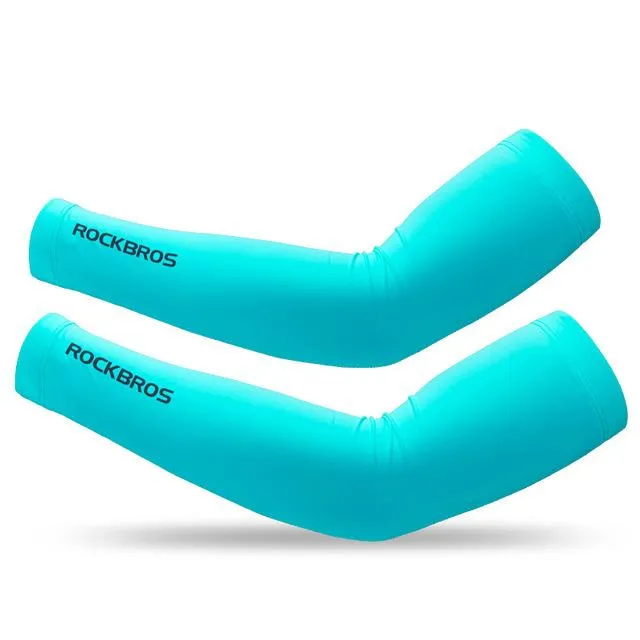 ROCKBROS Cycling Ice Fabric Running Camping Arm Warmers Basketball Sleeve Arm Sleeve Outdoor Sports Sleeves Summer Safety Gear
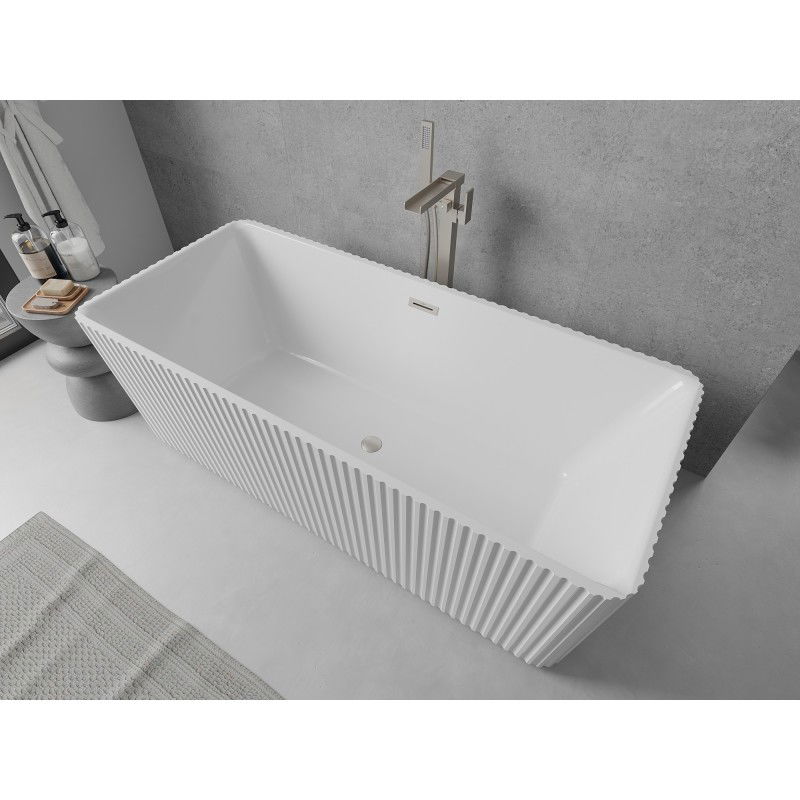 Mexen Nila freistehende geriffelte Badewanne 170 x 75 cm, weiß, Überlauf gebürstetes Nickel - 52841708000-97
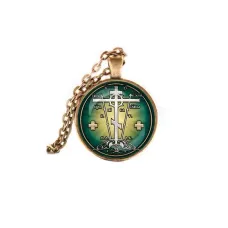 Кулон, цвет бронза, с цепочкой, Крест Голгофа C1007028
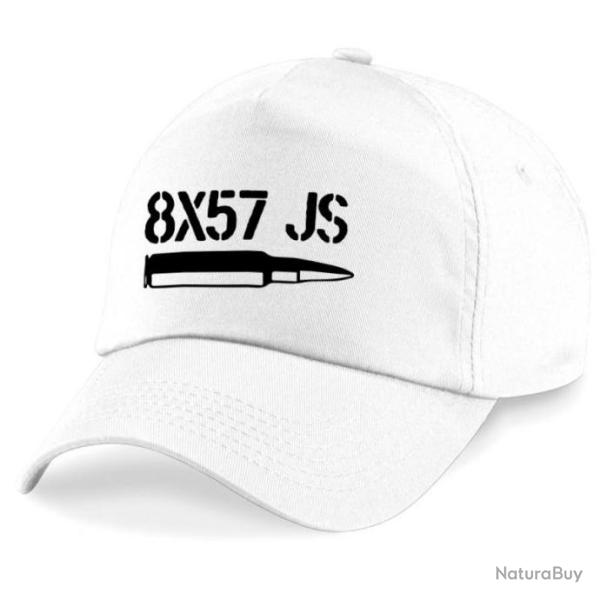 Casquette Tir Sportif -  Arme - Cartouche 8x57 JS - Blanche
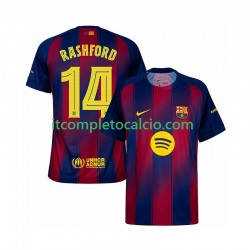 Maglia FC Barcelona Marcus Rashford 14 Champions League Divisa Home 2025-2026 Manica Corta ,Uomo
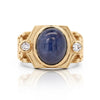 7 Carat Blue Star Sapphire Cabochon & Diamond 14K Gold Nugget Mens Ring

# [What you have to do]
The line with "Mexen Nila freistehende" marks the start, and the last line of the material marks the end. Reproduce exactly those two lines and every line between them, without the pictures.

# [Answer to this exercise]
 Mexen Nila freistehende geriffelte Badewanne 170 x 75 cm, weiß, Überlauf gebürstetes Nickel - 52841708000-97
 Кулон, цвет бронза, с цепочкой, Крест Голгофа C1007028
 Casquette Tir Sportif -  Arme - Cartouche 8x57 JS - Blanche
 Maglia FC Barcelona Marcus Rashford 14 Champions League Divisa Home 2025-2026 Manica Corta ,Uomo
 7 Carat Blue Star Sapphire Cabochon & Diamond 14K Gold Nugget Mens Ring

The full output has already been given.